Kenneth Fletcher and Jeremy L. Dillon
WC Monitor
11/21/2014
In order to meet a commitment to the state of Idaho, the Department of Energy this week sent 35 transuranic waste containers from the Department’s Idaho site to the Waste Control Specialists facility in Texas for interim storage. The waste was sent last November from Los Alamos National Laboratory to the Idaho Advanced Mixed Waste Treatment Project for treatment, but was required to leave the state within one year.

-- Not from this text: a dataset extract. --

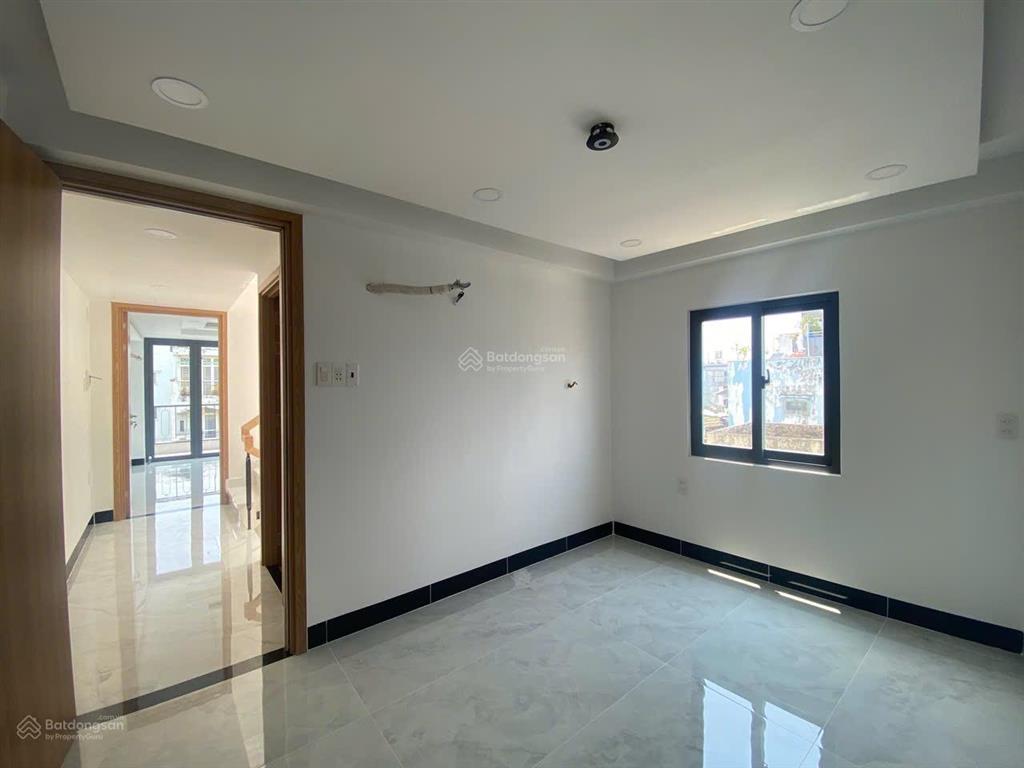 Bán nhà mtkd 4 tầng mới đẹp ngay nơ trang long  lê quang định, dts 200m2, 6pn, giảm còn 15.49 tỷ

However, that removal of the waste was put on hold after the Waste Isolation Pilot Plant, used for the final disposal of transuranic waste, was shut down after a pair of incidents in February. “We needed to work very hard to provide a receiver site for that and there were 35 containers of waste removed from Idaho on Monday that safely arrived at Waste Control Specialists for temporary staging pending the opening of WIPP,” DOE Associate Deputy Assistant Secretary for Waste Management Christine Gelles said this week at the ETEBA Business Opportunities Conference in Knoxville, Tenn. “That was only possible through the very strong collaboration between us and the state of Texas and the regulator there and WCS to be able to meet that Idaho commitment.”

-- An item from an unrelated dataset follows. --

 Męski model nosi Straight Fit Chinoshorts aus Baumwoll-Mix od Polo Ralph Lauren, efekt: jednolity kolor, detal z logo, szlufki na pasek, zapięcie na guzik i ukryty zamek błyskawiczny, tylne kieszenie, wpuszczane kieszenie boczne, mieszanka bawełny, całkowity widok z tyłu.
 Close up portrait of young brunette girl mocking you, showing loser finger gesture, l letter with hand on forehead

The waste sent this week meets both the WIPP and WCS acceptance criteria and does not contain the nitrate salts linked to the radiological release at WIPP, DOE said in a release. The 35 containers join the already-stored containers from LANL that WCS is currently storing in its federal facility. Those containers include the last portion of 3,706 cubic meters of transuranic waste that was stored aboveground at LANL and was targeted in a framework agreement with New Mexico for removal by June—a deal brokered after a wildfire in 2011 threatened the material. The campaign had been in its final stages when WIPP shut down indefinitely earlier this year due to two incidents: a salt truck fire and a radiation release.
According to DOE-Idaho spokeswoman Danielle Miller, AMWTP does not have any more LANL waste for removal. “The 35 containers were all of it. We do not have any additional off site waste in Idaho that needs to be moved,” Miller said. WCS declined to comment on the shipments.